While current rules call only for dealers to display the single best bid and offer, Mr. Levitt is urging markets and exchanges to voluntarily share all their limit orders with each other and investors. In his prepared text, Mr. Levitt called for an industry roundtable to discuss creating a display of limit orders from all the market participants. But any investor could elect to keep prices private; a big mutual fund, for instance, might not want to tip off the rest of the market about its trading strategy.

The chairman made clear, however, that the government wouldn't mandate a vehicle for collecting and showing limit orders. One alternative might be to supply prices to third-party data information firms, such as Reuters Holdings PLC or Bloomberg LP, which would make the prices available to everyone.

The concept already has a lot of support. The New York Stock Exchange and the National Association of Securities Dealers have proposed plans to display their orders. New electronic markets have been pushing for open order books.

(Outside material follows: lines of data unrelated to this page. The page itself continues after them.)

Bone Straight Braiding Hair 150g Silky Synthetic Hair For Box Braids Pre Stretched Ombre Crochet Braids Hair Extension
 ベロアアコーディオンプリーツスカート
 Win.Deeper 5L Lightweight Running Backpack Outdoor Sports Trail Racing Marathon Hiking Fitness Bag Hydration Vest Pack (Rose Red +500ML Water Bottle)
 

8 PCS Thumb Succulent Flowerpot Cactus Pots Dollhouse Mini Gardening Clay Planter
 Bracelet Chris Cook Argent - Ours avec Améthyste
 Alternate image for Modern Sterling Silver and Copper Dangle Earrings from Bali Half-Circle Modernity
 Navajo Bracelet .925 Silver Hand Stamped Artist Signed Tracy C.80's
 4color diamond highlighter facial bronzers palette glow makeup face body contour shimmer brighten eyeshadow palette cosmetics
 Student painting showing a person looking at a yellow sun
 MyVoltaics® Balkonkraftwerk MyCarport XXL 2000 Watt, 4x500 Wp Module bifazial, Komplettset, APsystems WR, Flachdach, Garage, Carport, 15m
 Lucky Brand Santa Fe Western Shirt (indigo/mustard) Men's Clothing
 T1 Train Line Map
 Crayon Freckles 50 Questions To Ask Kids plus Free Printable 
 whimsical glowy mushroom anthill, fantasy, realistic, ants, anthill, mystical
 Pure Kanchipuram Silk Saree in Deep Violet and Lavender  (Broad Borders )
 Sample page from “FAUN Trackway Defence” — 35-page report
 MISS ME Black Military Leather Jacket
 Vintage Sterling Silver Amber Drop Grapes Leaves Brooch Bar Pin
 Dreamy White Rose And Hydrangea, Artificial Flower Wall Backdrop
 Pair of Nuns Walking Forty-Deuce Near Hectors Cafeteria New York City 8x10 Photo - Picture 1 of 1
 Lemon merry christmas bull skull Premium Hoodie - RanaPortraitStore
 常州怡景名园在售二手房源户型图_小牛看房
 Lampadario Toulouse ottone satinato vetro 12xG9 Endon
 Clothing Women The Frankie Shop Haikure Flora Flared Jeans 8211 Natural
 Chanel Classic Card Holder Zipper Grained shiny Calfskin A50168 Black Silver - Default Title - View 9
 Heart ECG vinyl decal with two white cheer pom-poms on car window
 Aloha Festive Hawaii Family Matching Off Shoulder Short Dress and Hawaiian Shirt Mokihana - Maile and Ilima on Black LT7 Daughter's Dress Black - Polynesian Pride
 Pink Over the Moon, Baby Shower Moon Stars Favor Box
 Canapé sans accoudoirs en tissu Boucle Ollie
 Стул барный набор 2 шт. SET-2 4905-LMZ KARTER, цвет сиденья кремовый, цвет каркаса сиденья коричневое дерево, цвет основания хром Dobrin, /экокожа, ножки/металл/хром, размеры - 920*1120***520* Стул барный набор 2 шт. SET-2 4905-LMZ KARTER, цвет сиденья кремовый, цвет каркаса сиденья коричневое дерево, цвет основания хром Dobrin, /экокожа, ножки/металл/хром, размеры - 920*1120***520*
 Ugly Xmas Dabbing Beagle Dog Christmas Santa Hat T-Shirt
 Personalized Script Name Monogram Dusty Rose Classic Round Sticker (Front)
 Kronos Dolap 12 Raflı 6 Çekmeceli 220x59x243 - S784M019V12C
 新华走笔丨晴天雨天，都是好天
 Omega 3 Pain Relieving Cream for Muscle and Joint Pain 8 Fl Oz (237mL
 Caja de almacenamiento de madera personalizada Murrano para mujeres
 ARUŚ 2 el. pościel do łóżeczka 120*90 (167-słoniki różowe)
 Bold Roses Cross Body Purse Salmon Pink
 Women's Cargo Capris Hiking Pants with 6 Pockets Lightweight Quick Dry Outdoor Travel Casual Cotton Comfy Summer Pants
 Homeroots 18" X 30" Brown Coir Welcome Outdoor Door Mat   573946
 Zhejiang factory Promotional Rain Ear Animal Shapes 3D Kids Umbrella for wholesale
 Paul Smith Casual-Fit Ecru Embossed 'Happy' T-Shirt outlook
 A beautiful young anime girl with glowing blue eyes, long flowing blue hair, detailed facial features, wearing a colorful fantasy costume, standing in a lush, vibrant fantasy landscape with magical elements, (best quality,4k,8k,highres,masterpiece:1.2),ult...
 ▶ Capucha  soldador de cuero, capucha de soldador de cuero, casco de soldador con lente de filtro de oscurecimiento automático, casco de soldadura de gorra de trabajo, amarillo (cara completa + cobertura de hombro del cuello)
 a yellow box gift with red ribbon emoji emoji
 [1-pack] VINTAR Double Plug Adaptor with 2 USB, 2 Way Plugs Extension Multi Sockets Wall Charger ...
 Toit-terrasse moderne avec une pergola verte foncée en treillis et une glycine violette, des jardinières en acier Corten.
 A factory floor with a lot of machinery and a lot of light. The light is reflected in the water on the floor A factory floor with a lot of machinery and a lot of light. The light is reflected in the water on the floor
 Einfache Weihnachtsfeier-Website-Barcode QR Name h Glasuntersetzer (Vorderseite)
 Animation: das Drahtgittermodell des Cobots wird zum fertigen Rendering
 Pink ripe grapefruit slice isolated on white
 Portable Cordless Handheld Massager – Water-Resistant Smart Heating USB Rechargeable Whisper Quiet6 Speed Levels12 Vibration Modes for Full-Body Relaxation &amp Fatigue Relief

For instance, Island ECN shows all its stock prices on the Internet at no charge.

"The ability of all investors to see the depth of supply and demand in any stock would be a giant step towards a true national market system," Mr. Levitt said.

Making available the price information to the markets and investors will become even more imperative when securities are priced in pennies, rather than fractions of a dollar. This move toward "decimalization" was scheduled to be phased in beginning in July. But the NASD, Nasdaq's parent, recently asked for more time to upgrade and test its systems to make sure the huge expected volume of orders can be handled without disruptions. As a result, the SEC is considering pushing back the pricing change possibly until early 2001.

Mr. Levitt's limit-order proposal dovetails with the SEC's broader initiative to link markets and revise regulation as technology alters markets' traditional structure. Many argue that markets today are more fragmented because investors can place orders among a growing number of competing exchanges, electronic systems and stand-alone dealers.